Climbing plants for full sun include clematis (Clematis spp.), climbing roses (Rosa spp.), honeysuckle (Lonicera sempervirens), trumpet vine (Campsis radicans), and wisteria (Wisteria spp.). These vines flower best with at least six hours of direct light a day, and most flowering climbers bloom more heavily in sun than in shade. A hot, bright spot is the easiest place to get a vine covered in flowers, as long as you keep the roots cool and the soil from drying out.

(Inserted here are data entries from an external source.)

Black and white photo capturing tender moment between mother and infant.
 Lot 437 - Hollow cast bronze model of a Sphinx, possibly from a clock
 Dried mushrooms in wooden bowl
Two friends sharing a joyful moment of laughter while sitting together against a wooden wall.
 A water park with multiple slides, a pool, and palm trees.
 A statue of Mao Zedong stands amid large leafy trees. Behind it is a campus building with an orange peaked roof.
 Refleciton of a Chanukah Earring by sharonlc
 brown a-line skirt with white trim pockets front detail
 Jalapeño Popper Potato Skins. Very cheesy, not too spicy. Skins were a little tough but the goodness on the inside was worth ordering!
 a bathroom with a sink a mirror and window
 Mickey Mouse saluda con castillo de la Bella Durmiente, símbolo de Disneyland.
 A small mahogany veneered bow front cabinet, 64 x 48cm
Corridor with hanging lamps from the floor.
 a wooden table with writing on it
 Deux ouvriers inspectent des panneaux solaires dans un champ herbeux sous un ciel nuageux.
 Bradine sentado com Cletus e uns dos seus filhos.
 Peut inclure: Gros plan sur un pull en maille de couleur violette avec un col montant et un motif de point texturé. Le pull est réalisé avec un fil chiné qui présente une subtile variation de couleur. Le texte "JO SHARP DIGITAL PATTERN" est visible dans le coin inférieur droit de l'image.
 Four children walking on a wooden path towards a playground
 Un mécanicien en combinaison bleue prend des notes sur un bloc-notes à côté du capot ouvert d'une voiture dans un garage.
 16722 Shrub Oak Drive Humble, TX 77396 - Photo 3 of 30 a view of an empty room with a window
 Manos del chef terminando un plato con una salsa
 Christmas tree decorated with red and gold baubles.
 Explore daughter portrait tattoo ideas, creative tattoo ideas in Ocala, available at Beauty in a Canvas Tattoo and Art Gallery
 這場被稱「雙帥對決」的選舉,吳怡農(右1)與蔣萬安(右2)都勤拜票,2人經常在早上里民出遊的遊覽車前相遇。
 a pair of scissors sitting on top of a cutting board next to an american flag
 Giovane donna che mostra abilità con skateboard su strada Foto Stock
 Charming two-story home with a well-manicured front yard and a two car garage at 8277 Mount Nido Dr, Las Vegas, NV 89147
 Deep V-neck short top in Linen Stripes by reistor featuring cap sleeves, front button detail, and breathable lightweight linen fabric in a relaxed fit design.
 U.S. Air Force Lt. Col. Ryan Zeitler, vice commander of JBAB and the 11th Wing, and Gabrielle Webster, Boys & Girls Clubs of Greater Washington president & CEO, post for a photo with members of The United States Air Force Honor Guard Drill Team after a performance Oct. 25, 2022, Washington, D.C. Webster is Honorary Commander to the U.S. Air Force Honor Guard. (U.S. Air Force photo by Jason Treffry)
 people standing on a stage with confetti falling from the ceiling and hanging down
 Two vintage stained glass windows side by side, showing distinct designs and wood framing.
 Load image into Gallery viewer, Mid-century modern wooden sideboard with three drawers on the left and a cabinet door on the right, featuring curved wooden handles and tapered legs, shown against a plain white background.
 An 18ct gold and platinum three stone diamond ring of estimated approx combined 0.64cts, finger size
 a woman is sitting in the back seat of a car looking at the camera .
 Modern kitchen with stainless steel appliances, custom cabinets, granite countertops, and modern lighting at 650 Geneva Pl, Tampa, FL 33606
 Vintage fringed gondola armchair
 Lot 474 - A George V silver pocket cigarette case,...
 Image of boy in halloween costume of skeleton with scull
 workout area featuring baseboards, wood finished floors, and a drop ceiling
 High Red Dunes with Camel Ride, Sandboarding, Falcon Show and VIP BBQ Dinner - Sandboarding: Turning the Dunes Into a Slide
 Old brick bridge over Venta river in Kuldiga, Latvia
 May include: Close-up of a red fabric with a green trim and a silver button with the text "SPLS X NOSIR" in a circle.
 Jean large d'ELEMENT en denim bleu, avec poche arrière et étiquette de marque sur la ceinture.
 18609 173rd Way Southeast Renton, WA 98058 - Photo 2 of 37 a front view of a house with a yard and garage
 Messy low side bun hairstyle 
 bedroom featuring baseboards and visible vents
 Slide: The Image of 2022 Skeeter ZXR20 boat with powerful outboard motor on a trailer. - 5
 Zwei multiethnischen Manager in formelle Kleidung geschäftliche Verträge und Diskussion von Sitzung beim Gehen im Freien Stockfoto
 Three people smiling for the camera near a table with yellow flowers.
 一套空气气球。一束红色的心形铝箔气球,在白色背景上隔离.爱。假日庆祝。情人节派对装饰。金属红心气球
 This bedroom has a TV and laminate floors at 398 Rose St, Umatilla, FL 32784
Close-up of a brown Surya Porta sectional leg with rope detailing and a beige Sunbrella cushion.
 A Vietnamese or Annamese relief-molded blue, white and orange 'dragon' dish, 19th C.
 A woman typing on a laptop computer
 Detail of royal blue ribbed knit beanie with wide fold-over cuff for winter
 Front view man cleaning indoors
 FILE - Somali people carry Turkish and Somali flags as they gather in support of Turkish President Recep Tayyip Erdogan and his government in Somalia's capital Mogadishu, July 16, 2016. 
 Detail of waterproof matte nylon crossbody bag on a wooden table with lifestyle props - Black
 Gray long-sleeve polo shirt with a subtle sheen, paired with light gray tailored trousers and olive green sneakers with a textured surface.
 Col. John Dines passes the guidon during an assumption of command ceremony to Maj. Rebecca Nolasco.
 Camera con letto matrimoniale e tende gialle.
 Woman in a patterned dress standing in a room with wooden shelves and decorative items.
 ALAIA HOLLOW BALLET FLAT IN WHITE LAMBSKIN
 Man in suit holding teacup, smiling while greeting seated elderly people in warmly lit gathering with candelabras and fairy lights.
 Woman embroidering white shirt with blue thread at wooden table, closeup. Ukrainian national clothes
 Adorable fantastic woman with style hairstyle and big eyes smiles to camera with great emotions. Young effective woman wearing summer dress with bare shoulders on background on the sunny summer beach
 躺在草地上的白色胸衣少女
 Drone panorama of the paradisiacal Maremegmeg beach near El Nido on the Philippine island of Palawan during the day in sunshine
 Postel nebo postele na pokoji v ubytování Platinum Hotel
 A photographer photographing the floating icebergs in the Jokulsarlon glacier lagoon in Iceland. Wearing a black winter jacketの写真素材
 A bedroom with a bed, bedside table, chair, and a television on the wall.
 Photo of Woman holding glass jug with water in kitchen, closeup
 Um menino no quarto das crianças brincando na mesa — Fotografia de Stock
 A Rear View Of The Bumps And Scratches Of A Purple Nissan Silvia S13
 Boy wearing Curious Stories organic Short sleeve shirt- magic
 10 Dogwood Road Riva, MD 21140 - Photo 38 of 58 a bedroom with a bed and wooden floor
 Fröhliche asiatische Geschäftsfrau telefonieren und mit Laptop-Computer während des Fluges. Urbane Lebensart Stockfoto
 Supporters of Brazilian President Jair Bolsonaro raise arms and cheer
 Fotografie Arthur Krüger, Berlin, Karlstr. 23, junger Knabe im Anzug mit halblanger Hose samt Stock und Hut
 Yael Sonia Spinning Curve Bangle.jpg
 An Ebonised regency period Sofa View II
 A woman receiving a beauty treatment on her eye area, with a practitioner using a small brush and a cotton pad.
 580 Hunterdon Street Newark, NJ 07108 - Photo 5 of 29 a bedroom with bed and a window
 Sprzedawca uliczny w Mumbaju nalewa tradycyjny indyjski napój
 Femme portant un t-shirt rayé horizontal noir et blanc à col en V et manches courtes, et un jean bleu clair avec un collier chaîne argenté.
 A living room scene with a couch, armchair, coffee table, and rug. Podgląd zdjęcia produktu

Full sun is what most flowering climbers want, since the energy from direct light drives heavy flowering. The challenge of a sunny spot is not light but heat and dryness at the roots. A south-facing wall bakes the soil at its base, and a vine with hot, dry roots drops its buds before they open. Get the watering and root shade right, and a full-sun position gives the best display a climber can manage.
In our zone 5b trial bed, the hottest spot is a south-facing wall that warms early and dries fast. The first clematis I planted there, a ‘Jackmanii’ (zones 4-8, 10-12 ft / 3-3.7 m), flowered well in June, then collapsed in a July heatwave and dropped every remaining bud because the soil at its roots had baked dry. The next spring I mulched the base 3 inches (7.5 cm) deep with shredded bark and planted a low geranium ‘Rozanne’ in front of the roots to shade the soil. The same clematis flowered in two full flushes and never wilted, with its head in the sun and its feet in the shade.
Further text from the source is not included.